1.1                   On 28 November 2012 the Hon. Nicola Roxon MP, Attorney General, introduced the Native Title Amendment Bill 2012 (hereafter referred to as the Bill). The Bill proposes amendments to the Native Title Act 1993 (Cth).

1.2                   On 29 November 2012 the Selection Committee asked the Committee to inquire into and report on the Bill.

Scope of the Bill

1.3                   In June 2012 the Attorney General announced a number of proposed changes to the native title system on the twentieth anniversary of the High Court’s Mabo decision.

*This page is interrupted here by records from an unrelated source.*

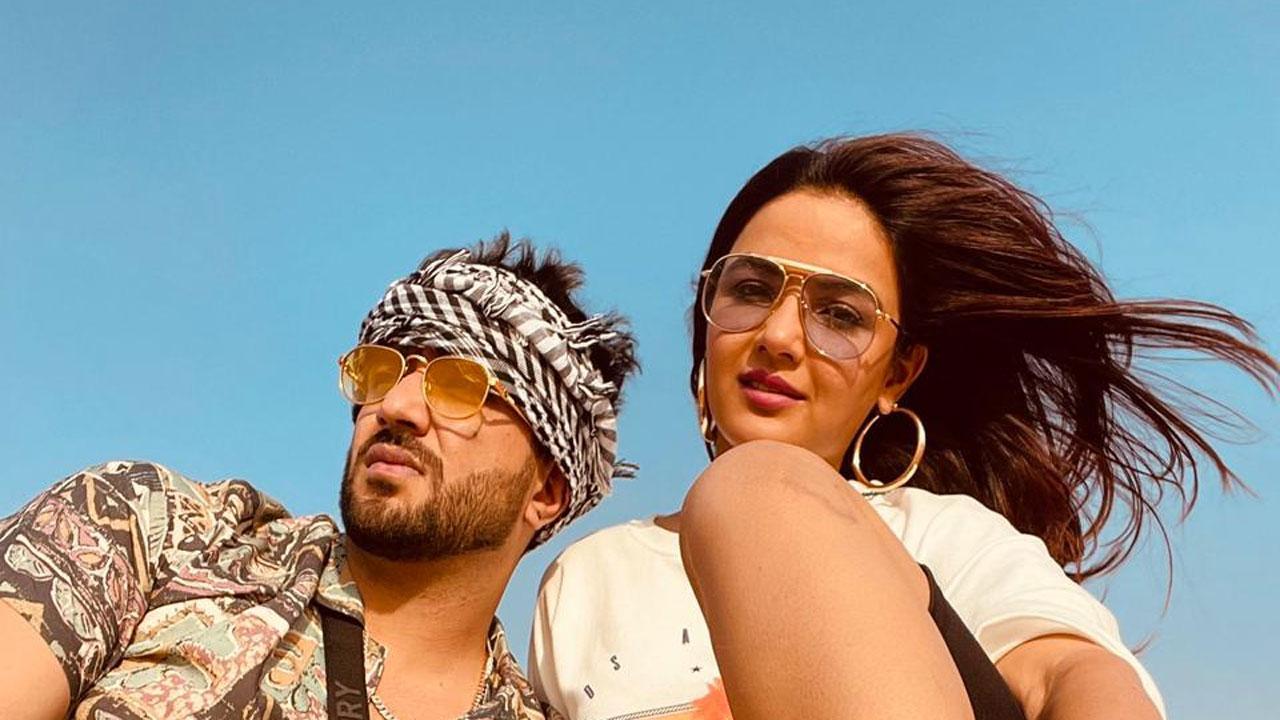 Aly Goni and Jasmin Bhasin's lovecation in Dubai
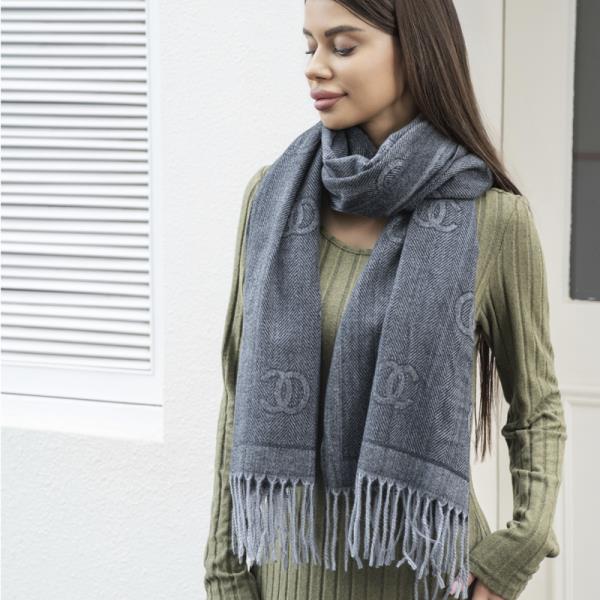 DOUBLE ROUND BLANKET SCARF WITH TASSEL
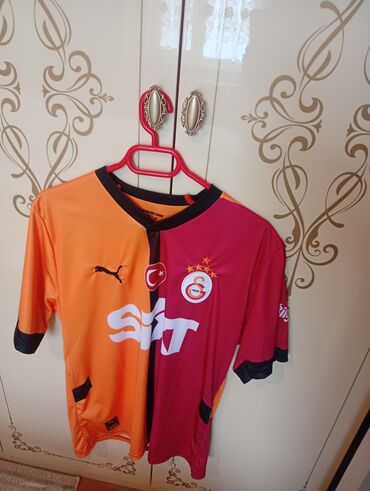 Köynəklər: Məhsul: Futbol köynəyi – Galatasaray rəngləri və loqosu ilə Təsvir: -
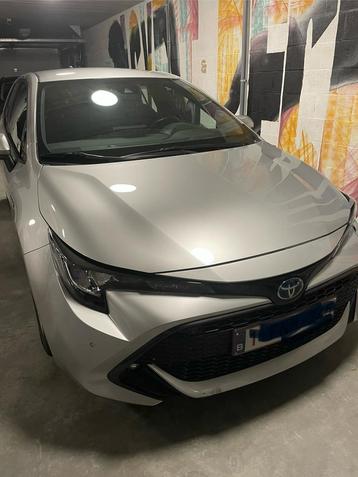 Toyota corolla hybride 2021  disponible aux enchères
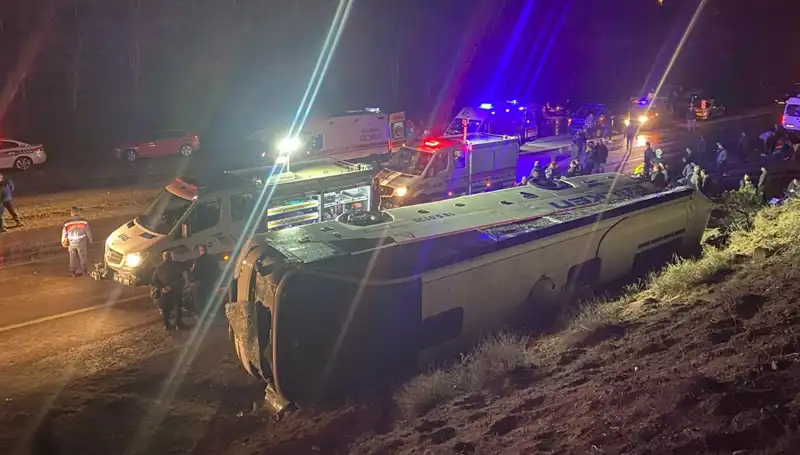 İşçi Servisi Kontrolden Çıktı: Şarampole Devrilen Araçta 23 Yaralı
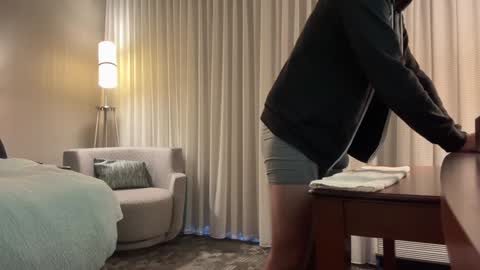 J online show from December 5, 2024, 12:33 pm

In the second reading speech, the Attorney-General advised that the Bill was introduced to make ‘the native title system fairer and more flexible’. The Attorney-General stated that the proposed amendments ‘will create a native title system that achieves faster and better outcomes, with a focus on unlocking the economic potential of native title and promoting sustainable agreement making’.[1]

1.4                    The Bill proposes to amend the Native Title Act 1993 (Cth) to:

1.5                   Legislation aimed at improving opportunities for Indigenous communities to access the economic potential of native title is proposed in the Tax Laws Amendment (2012 Measures No. 6) Bill 2012.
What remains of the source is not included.